» Records provided
++++++

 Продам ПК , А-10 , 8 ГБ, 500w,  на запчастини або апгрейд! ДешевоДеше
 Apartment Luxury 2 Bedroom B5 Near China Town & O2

++++++

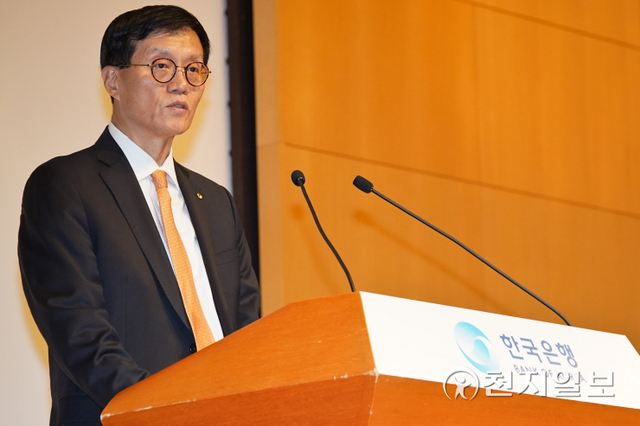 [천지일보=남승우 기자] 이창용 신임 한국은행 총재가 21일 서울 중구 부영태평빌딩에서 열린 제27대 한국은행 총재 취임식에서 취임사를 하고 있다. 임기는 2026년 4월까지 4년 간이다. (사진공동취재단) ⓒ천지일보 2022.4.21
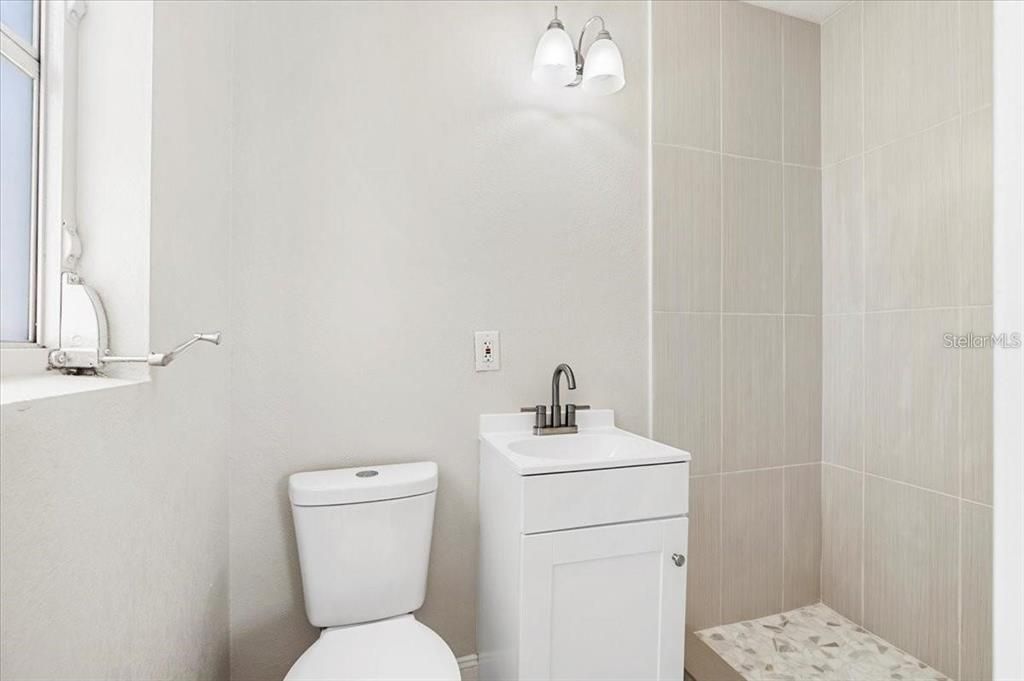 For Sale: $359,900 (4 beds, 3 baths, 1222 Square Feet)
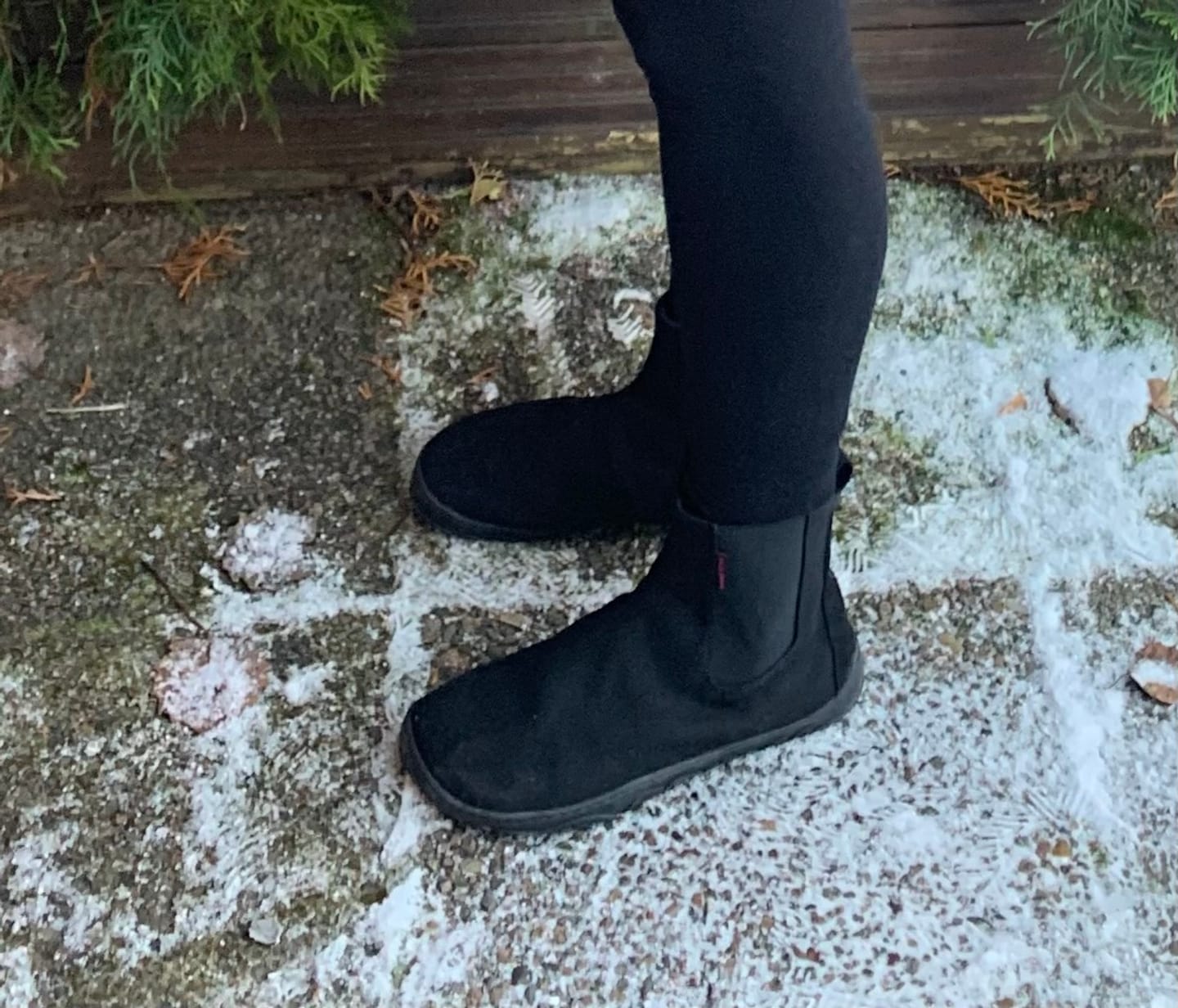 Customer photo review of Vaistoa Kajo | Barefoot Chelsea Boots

++++++

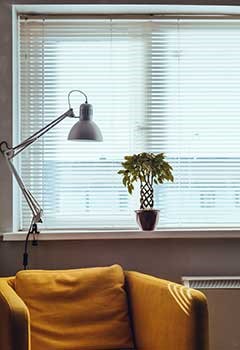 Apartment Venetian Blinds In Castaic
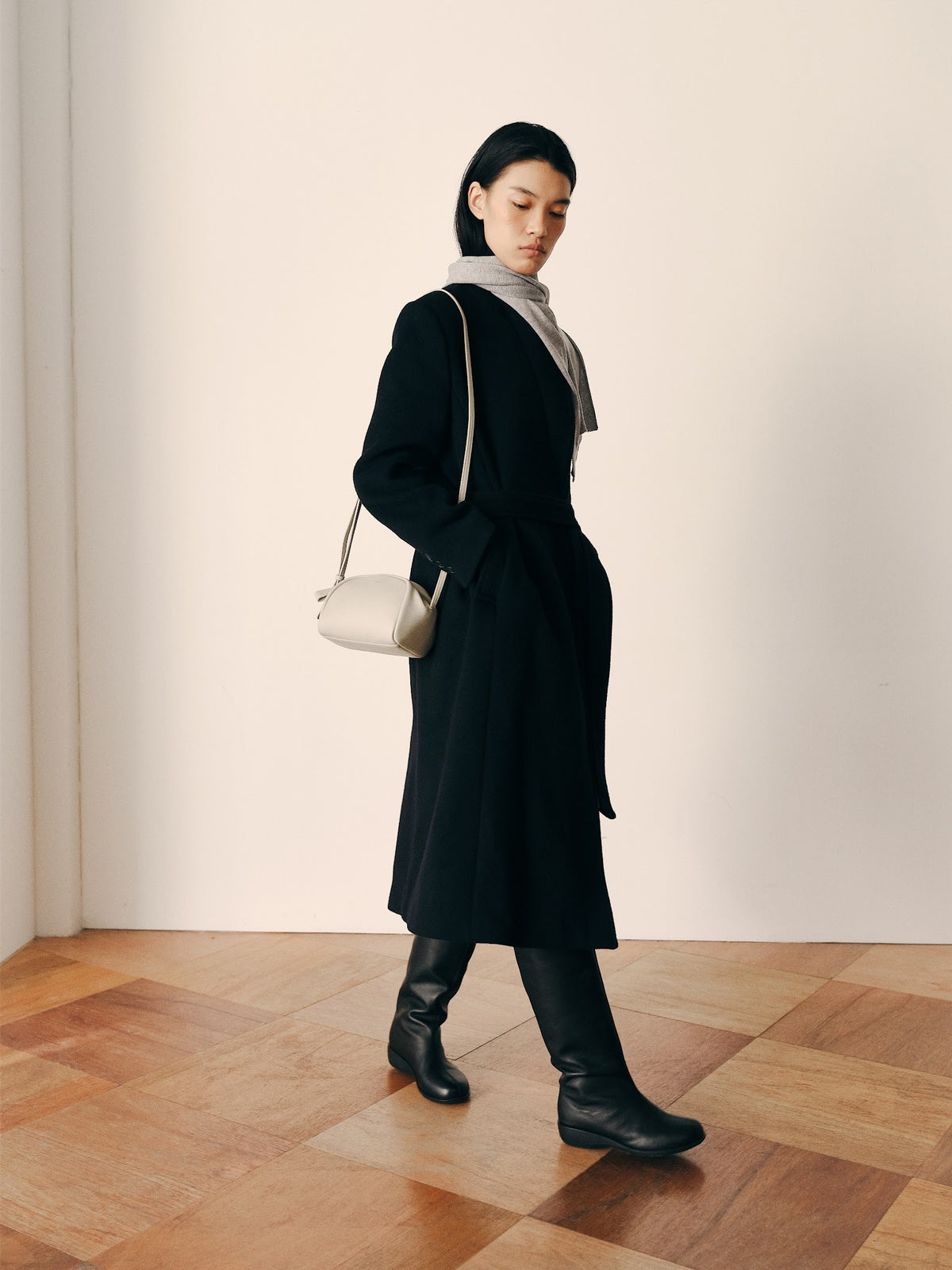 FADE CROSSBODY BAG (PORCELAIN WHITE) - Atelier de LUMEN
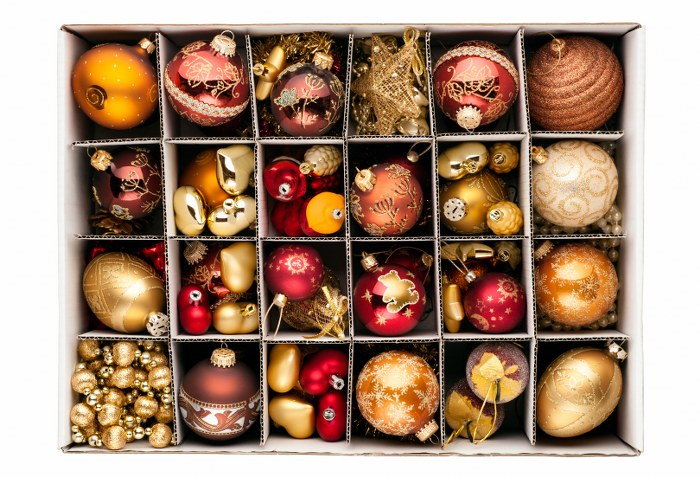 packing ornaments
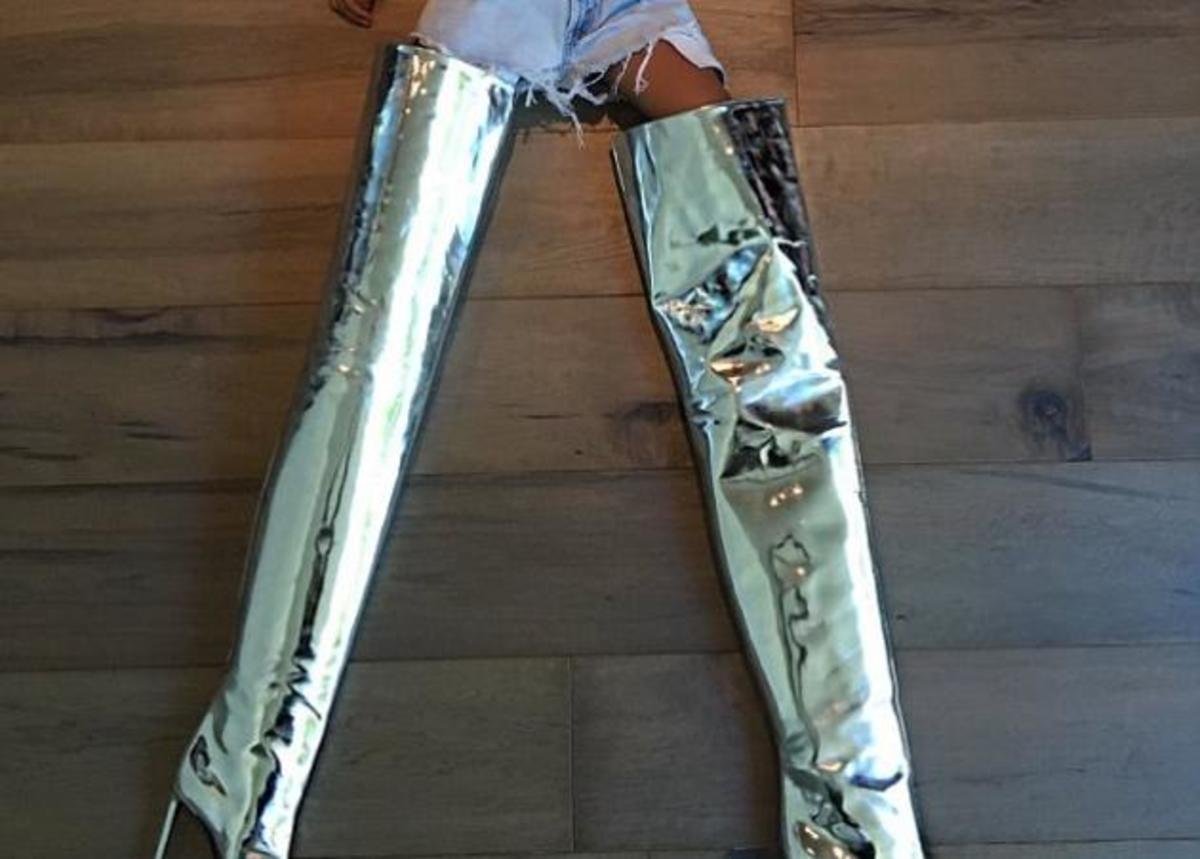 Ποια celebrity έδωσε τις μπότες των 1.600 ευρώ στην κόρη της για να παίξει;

++++++

» Activity
Retype only the lines above from the one with "For Sale: $359,900" through the one with "Customer photo review", exactly and with both ends. Images stay out.

» Result
 For Sale: $359,900 (4 beds, 3 baths, 1222 Square Feet)
 Customer photo review of Vaistoa Kajo | Barefoot Chelsea Boots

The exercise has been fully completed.